Aim of the exercise:
With pictures left out, output exactly the lines of the listing below from the line that has "Hello everyone, so" to the line that has "This is a brand", both lines kept.

Record extracts:
:::::
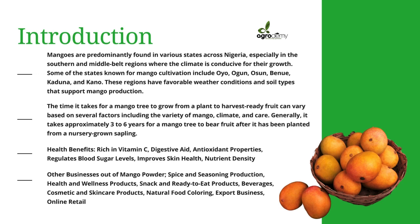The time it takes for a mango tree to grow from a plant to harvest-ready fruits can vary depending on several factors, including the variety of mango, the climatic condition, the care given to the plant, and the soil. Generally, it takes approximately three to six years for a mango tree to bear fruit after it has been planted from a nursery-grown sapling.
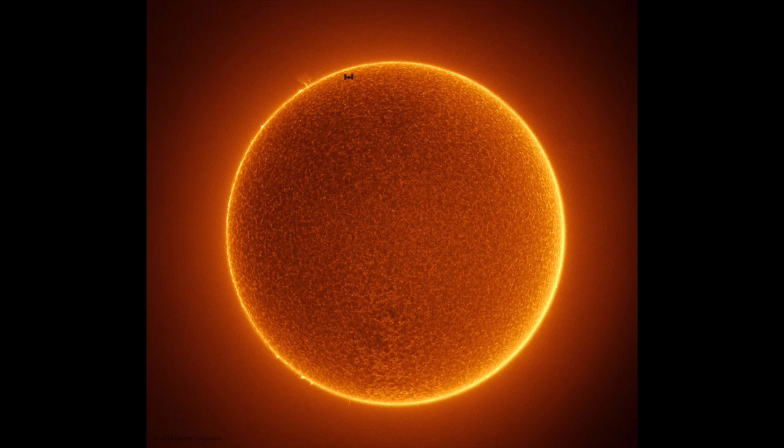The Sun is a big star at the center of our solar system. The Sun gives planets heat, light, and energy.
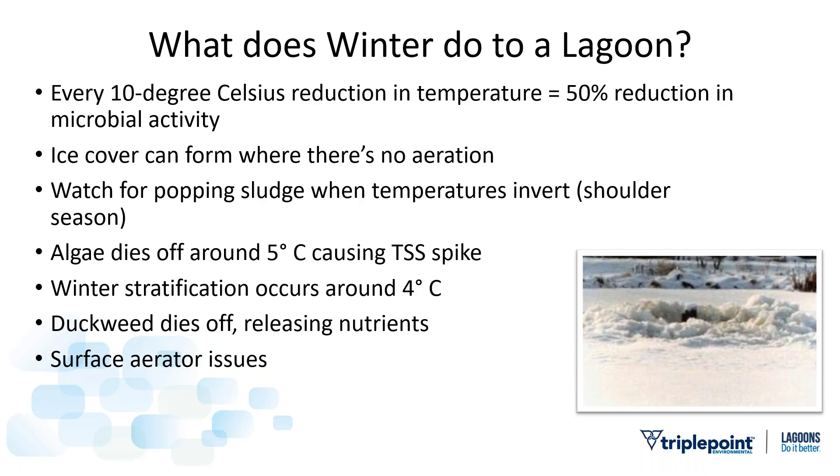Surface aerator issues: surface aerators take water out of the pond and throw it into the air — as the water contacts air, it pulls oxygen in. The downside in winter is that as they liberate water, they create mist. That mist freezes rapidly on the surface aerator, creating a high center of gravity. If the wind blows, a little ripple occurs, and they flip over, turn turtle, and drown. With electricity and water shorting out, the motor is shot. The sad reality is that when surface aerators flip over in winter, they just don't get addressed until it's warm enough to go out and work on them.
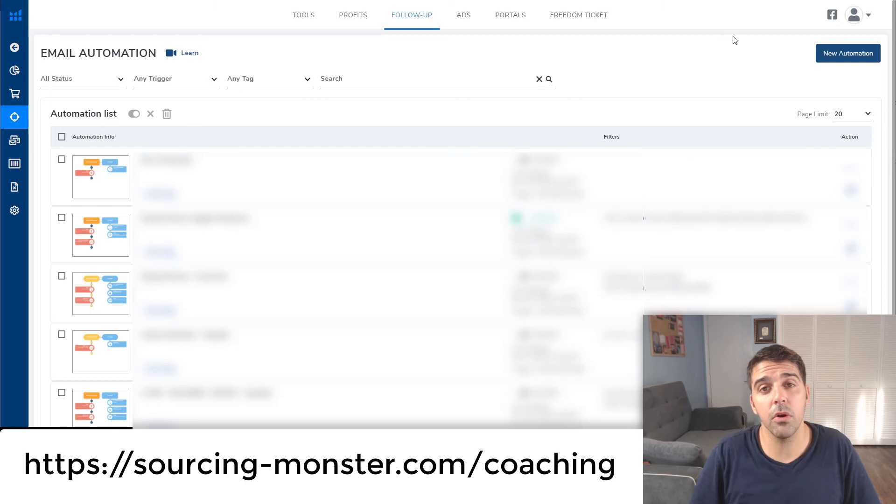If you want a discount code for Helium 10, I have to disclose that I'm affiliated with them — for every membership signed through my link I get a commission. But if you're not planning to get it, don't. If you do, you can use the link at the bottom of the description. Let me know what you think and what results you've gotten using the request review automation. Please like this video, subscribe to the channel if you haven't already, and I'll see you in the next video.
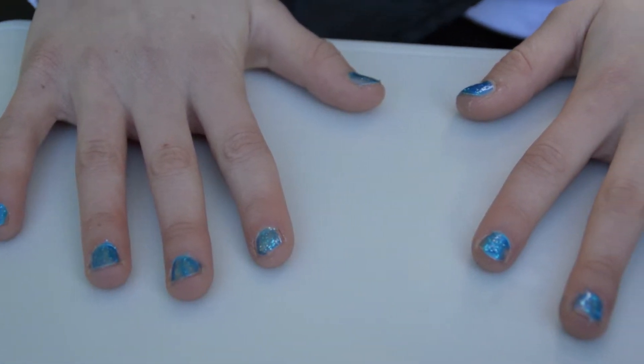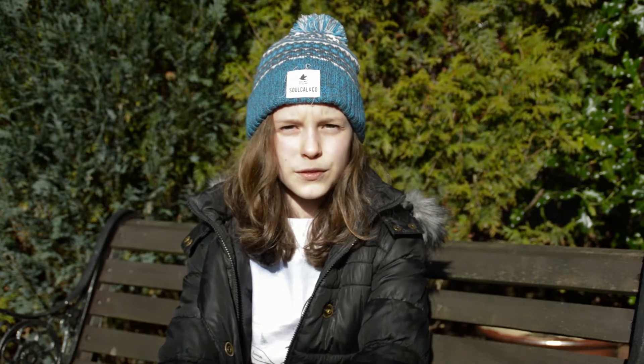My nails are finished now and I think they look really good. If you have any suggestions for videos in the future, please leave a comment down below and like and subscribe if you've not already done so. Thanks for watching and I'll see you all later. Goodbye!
:::::
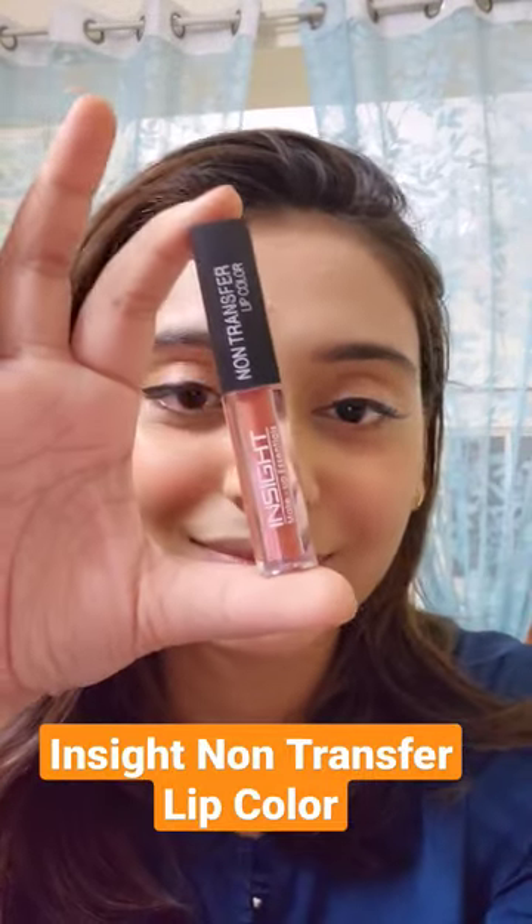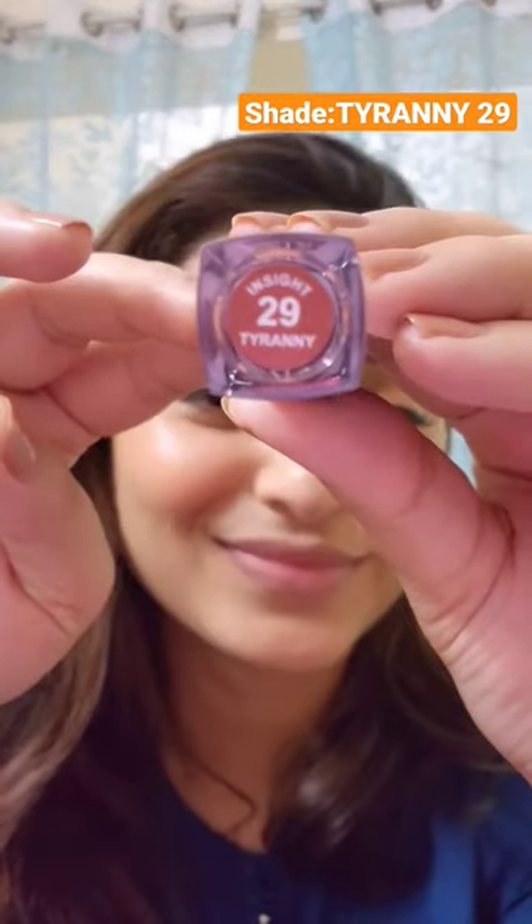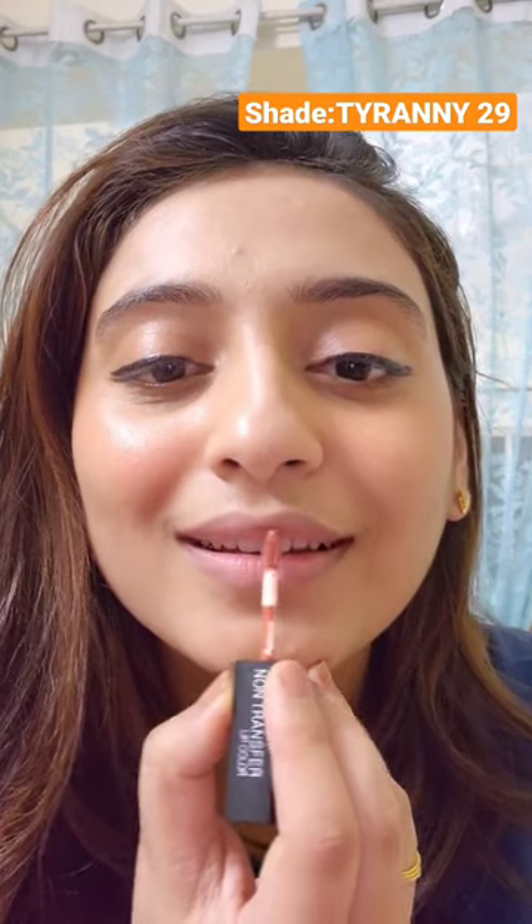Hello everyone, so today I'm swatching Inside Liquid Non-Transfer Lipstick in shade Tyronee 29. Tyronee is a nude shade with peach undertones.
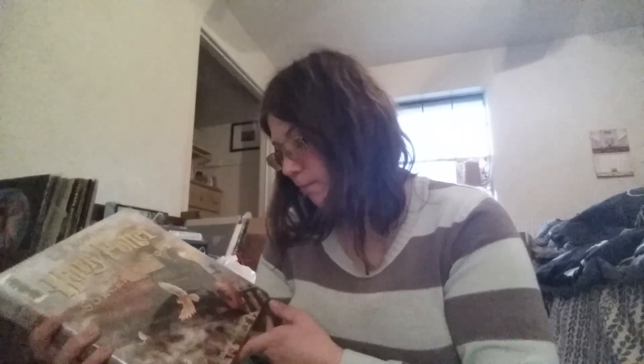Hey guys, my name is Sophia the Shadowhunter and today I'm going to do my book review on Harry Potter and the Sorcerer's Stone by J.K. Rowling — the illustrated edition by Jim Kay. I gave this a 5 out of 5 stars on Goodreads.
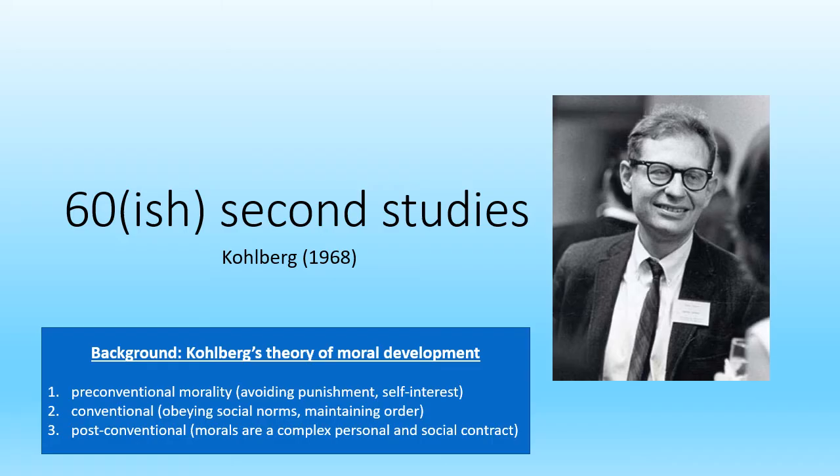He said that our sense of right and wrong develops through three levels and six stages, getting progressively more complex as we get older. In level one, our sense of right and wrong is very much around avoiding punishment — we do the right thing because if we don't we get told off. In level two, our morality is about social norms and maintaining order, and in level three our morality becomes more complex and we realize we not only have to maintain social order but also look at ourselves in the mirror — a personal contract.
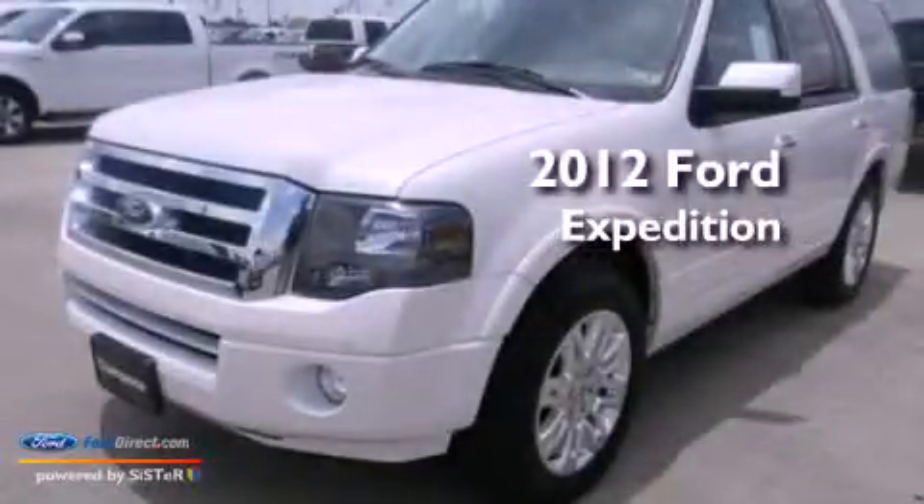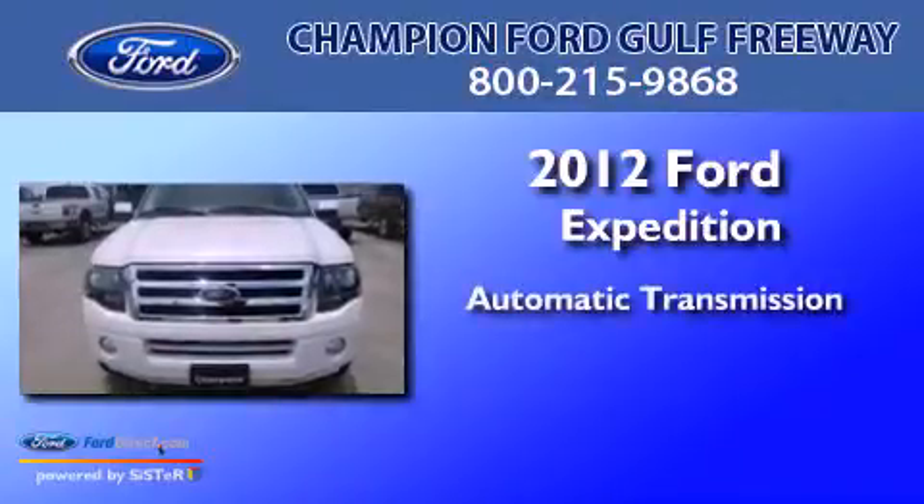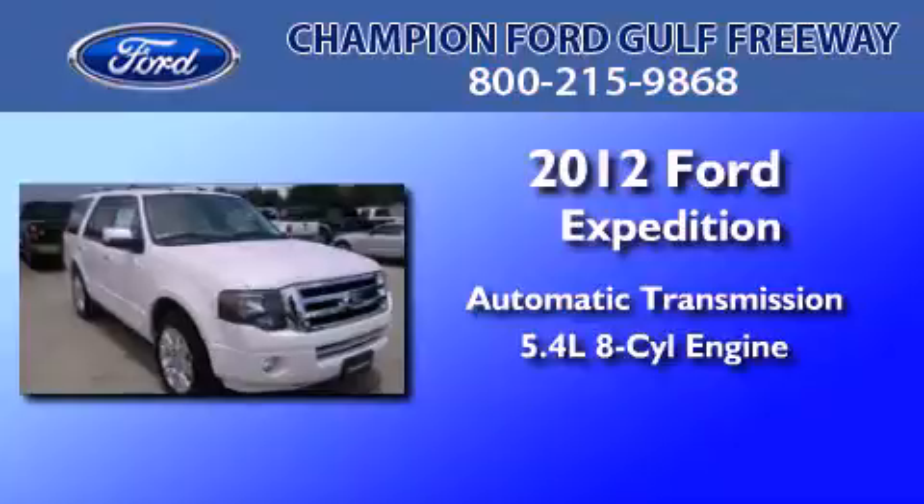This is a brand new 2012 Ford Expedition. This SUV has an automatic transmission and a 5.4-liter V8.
:::::
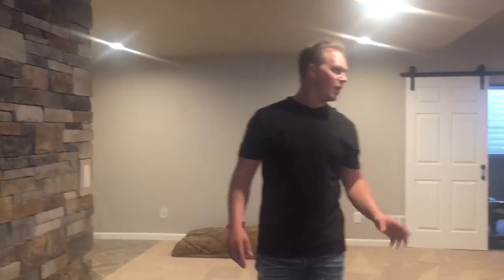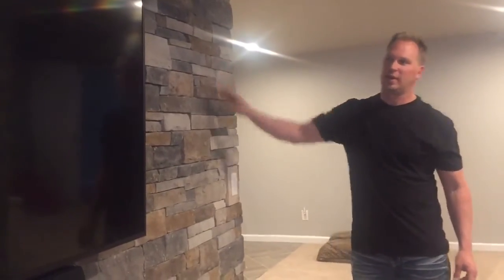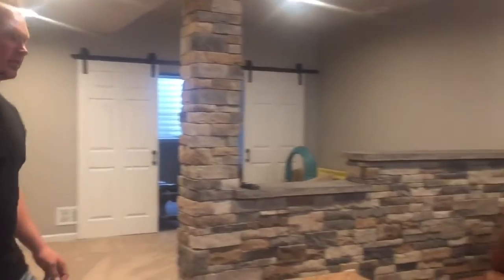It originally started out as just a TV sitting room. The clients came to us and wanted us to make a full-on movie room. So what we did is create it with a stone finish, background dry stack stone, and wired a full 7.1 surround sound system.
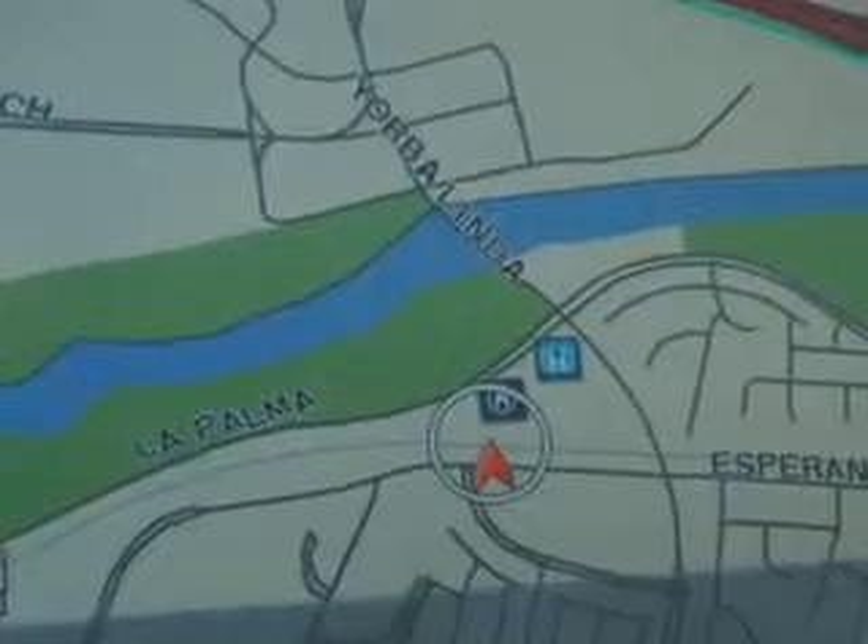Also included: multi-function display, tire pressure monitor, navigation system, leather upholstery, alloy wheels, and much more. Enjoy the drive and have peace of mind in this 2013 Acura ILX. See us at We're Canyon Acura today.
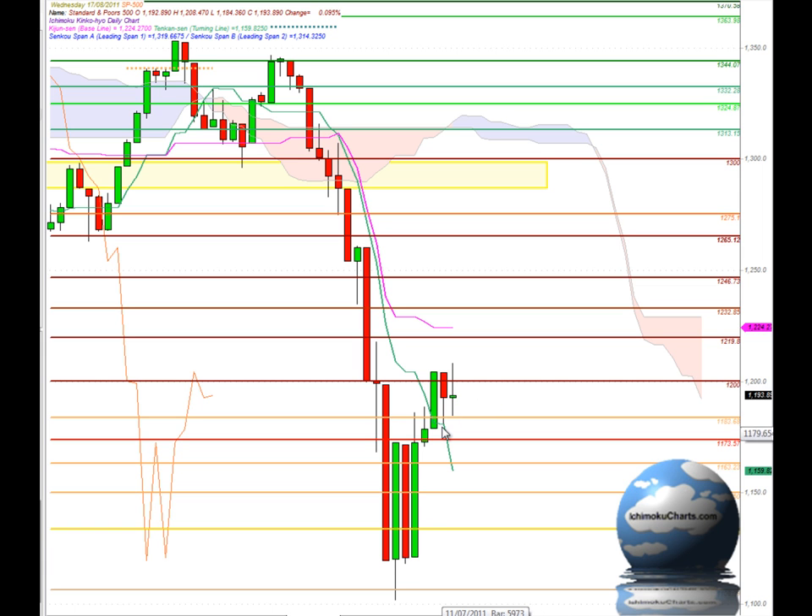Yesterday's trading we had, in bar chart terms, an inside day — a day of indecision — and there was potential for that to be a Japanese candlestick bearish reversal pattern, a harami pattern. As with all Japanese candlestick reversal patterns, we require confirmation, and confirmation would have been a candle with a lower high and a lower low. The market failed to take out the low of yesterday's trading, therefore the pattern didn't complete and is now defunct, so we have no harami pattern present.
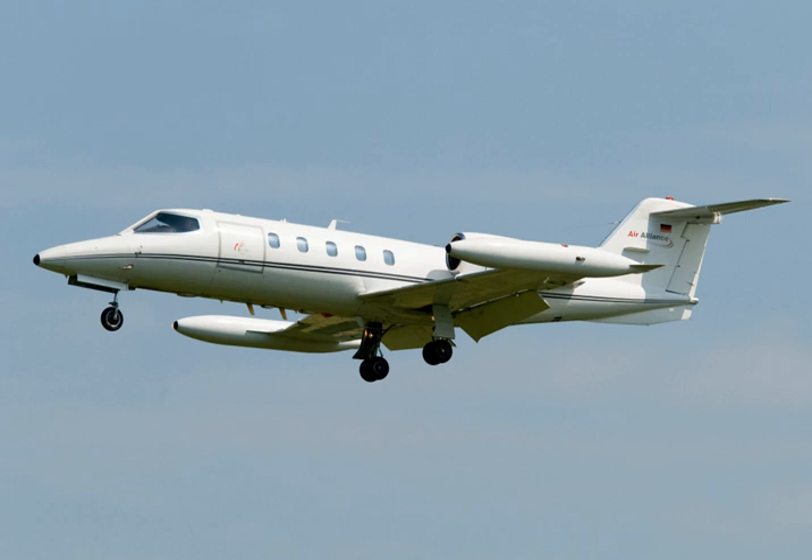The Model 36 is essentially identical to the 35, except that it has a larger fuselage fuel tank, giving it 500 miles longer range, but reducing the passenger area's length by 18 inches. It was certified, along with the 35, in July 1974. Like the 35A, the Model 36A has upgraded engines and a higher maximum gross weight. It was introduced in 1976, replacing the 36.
:::::
Response to this task:
Hello everyone, so today I'm swatching Inside Liquid Non-Transfer Lipstick in shade Tyronee 29. Tyronee is a nude shade with peach undertones.
Hey guys, my name is Sophia the Shadowhunter and today I'm going to do my book review on Harry Potter and the Sorcerer's Stone by J.K. Rowling — the illustrated edition by Jim Kay. I gave this a 5 out of 5 stars on Goodreads.
He said that our sense of right and wrong develops through three levels and six stages, getting progressively more complex as we get older. In level one, our sense of right and wrong is very much around avoiding punishment — we do the right thing because if we don't we get told off. In level two, our morality is about social norms and maintaining order, and in level three our morality becomes more complex and we realize we not only have to maintain social order but also look at ourselves in the mirror — a personal contract.
This is a brand new 2012 Ford Expedition. This SUV has an automatic transmission and a 5.4-liter V8.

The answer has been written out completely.